Perché è difficile chiedere perdono? Perché umilia la nostra immagine ipocrita. Eppure, vivere cercando di occultare le proprie carenze è faticoso e angosciante. Gesù Cristo ci dice: essere poveri è un’occasione di grazia; e ci mostra la via di uscita da questa fatica. Ci è dato il diritto di essere poveri in spirito, perché questa è la via del Regno di Dio.
Ma c’è da ribadire una cosa fondamentale: non dobbiamo trasformarci per diventare poveri in spirito, non dobbiamo fare alcuna trasformazione perché lo siamo già! Siamo poveri … o più chiaro: siamo dei “poveracci” in spirito! Abbiamo bisogno di tutto. Siamo tutti poveri in spirito, siamo mendicanti. È la condizione umana.
Il Regno di Dio è dei poveri in spirito. Ci sono quelli che hanno i regni di questo mondo: hanno beni e hanno comodità. Ma sono regni che finiscono. Il potere degli uomini, anche gli imperi più grandi, passano e scompaiono. Tante volte vediamo nel telegiornale o sui giornali che quel governante forte, potente o quel governo che ieri c’era e oggi non c’è più, è caduto. Le ricchezze di questo mondo se ne vanno, e anche il denaro. I vecchi ci insegnavano che il sudario non aveva tasche. E’ vero. Non ho mai visto dietro un corteo funebre un camion per il trasloco: nessuno si porta nulla. Queste ricchezze rimangono qui.
Il Regno di Dio è dei poveri in spirito. Ci sono quelli che hanno i regni di questo mondo, hanno beni e hanno comodità. Ma sappiamo come finiscono. Regna veramente chi sa amare il vero bene più di sé stesso. E questo è il potere di Dio.
In che cosa Cristo si è mostrato potente? Perché ha saputo fare quello che i re della terra non fanno: dare la vita per gli uomini. E questo è vero potere. Potere della fratellanza, potere della carità, potere dell’amore, potere dell’umiltà. Questo ha fatto Cristo.

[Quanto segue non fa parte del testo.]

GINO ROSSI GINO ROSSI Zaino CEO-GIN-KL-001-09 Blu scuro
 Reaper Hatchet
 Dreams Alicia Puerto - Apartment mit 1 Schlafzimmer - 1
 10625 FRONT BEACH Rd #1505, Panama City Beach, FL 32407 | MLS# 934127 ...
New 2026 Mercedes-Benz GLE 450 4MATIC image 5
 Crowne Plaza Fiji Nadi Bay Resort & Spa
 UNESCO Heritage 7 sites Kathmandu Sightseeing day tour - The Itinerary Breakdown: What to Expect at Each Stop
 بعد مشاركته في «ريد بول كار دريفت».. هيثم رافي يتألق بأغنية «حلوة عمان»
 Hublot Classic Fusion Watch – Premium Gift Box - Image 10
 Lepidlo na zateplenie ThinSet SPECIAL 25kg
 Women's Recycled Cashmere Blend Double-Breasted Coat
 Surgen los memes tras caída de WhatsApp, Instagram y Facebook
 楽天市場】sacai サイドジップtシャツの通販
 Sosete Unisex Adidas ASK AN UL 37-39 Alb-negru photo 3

In questo sta la vera libertà: chi ha questo potere dell’umiltà, del servizio, della fratellanza è libero. A servizio di questa libertà sta la povertà elogiata dalle Beatitudini.
Perché c’è una povertà che dobbiamo accettare, quella del nostro essere, e una povertà che invece dobbiamo cercare, quella concreta, dalle cose di questo mondo, per essere liberi e poter amare. Sempre dobbiamo cercare la libertà del cuore, quella che ha le radici nella povertà di noi stessi.